##### Records provided #####

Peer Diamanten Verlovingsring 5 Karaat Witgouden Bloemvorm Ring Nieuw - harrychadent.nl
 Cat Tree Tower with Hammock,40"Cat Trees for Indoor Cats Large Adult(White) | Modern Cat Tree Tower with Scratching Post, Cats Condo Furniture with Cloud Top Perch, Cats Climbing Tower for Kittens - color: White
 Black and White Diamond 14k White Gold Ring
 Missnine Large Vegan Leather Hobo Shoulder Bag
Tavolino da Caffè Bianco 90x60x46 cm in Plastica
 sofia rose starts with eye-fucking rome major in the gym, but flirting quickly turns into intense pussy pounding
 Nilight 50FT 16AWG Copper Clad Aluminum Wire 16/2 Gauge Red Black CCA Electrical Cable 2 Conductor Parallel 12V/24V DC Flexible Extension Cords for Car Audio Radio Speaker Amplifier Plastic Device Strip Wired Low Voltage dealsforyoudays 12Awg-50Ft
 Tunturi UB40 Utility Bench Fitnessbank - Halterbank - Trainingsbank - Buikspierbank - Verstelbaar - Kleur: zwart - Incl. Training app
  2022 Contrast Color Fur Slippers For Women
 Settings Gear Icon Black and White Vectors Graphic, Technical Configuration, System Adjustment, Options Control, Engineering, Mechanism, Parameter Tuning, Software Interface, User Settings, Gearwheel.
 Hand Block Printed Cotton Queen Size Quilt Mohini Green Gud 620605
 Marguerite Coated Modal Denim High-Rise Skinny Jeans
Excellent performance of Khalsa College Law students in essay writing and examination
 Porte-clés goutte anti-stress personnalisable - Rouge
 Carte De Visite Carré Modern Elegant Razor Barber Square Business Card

#####

§ **To do**: Could you return all lines from the data above that contain the string "Modern"?

§ **Task answer**:
 Cat Tree Tower with Hammock,40"Cat Trees for Indoor Cats Large Adult(White) | Modern Cat Tree Tower with Scratching Post, Cats Condo Furniture with Cloud Top Perch, Cats Climbing Tower for Kittens - color: White
 Carte De Visite Carré Modern Elegant Razor Barber Square Business Card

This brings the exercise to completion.